Ainsi, les grandes entreprises investissent des fortunes sur des individus dont la seule charge est de faire pression sur les élus. Au parlement européen, où de nombreuses normes sont mises en place, ce phénomène est particulièrement présent. Selon une étude, plus de 5800 lobbies ont dépensé près d'un milliard d'euros dans ce but. On estime dès lors que pour un unique député européen, il existerait dix lobbyistes.
L'extrême droite elle aussi dans la danse
Que les grandes fortunes défendent leurs finances en œuvrant à ce que le camp du libéralisme triomphe toujours des élections apparaît comme une absolue évidence. Mais leur volonté d'imposer leurs propres règles ne se limite pas nécessairement à l'économie.

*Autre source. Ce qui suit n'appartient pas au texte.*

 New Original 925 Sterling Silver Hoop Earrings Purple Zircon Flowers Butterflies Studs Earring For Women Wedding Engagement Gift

C'est ainsi que les milliardaires Vincent Bolloré et Pierre-Edouard Stérin, tous deux catholiques intégristes, s'emploient également depuis plusieurs années à faire infuser leurs idées d'extrême droite dans la société. Une façon de concilier leurs intérêts pécuniaires avec leurs convictions philosophiques. Aux États-Unis, Elon Musk a œuvré de la même manière auprès de Donald Trump, en particulier grâce au réseau Twitter qu'il a racheté et rebaptisé X.

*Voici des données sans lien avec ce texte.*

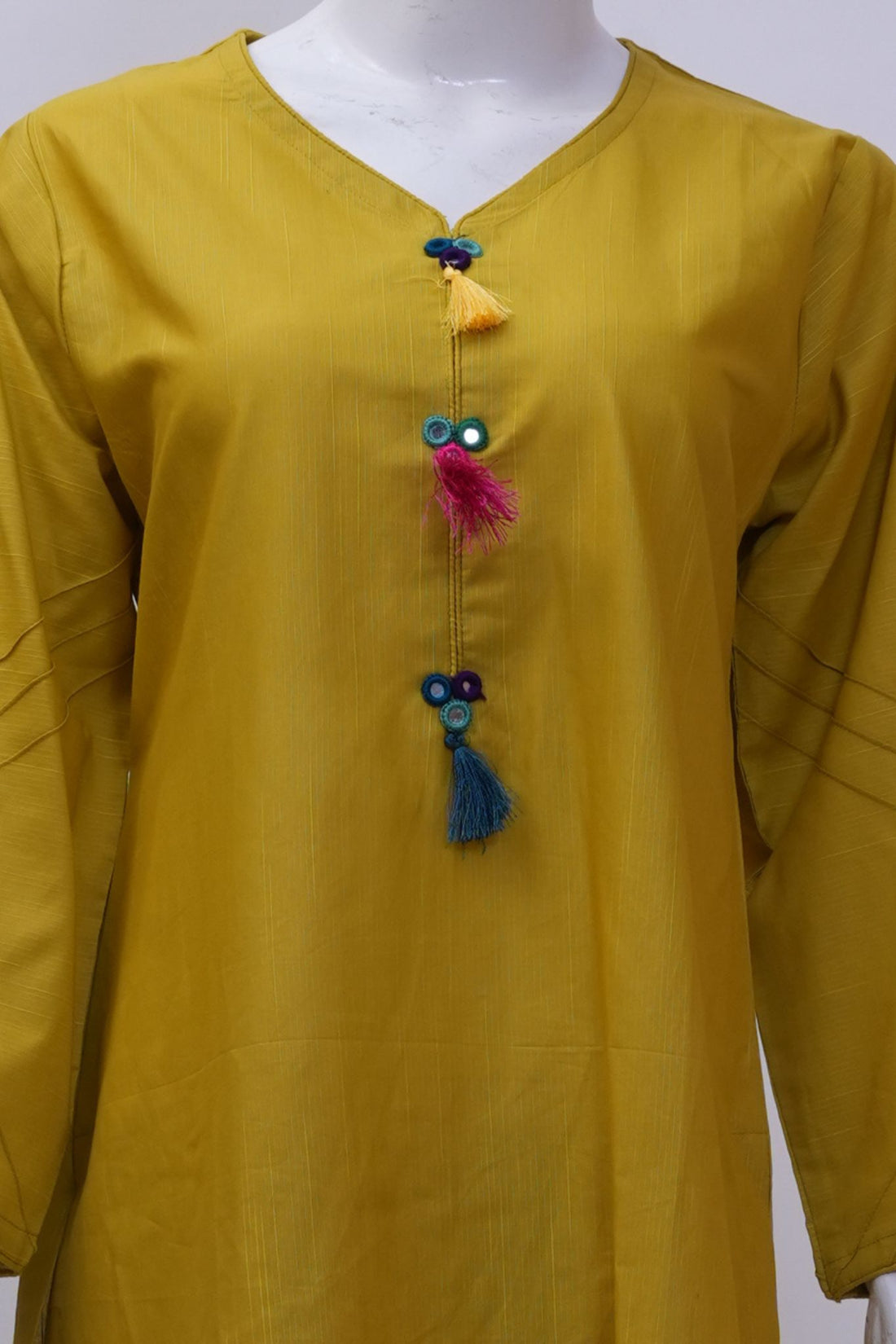 Vibrant Mustard Yellow Mirror-Work 3-Piece Stitched Suit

Un système pyramidal antidémocratique
Avec cette situation, on ne peut décemment pas espérer la mise en place d'une véritable démocratie qui présupposerait une information libre et plurielle et des moyens d'expression équitables pour tous. De fait, nos institutions ont tout d'une ploutocratie.
À l'opposé, tout citoyen ou parti politique qui défendrait des idées à l'inverse des intérêts de la classe économique ne pourra pas compter sur le soutien des grandes fortunes ni des médias qu'elles détiennent. Pour avoir une chance d'accéder au pouvoir, ce type de mouvement devrait se structurer collectivement et parvenir à contrer la diabolisation souvent exercée par les éditorialistes des grandes chaînes TV. Un phénomène qui peut par exemple expliquer pourquoi la révolte des Gilets Jaunes n'a pas réussi à faire tomber la Macronie.
Les sommes nécessaires pour mener des campagnes électorales efficaces obligent d'ailleurs bien souvent les partis à emprunter de l'argent à des banques privées. Or, en étant contraints de procéder ainsi, les candidats remettent leur sort entre les mains de la finance envers qui ils peuvent se sentir redevables, ce qui peut poser des soucis d'indépendance.
De même, le fait qu'une banque puisse refuser de prêter des fonds à un parti soit parce qu'elle ne souhaite pas être associée à son image, soit parce que sa ligne politique va à l'encontre des ses intérêts, peut aussi se révéler extrêmement problématique.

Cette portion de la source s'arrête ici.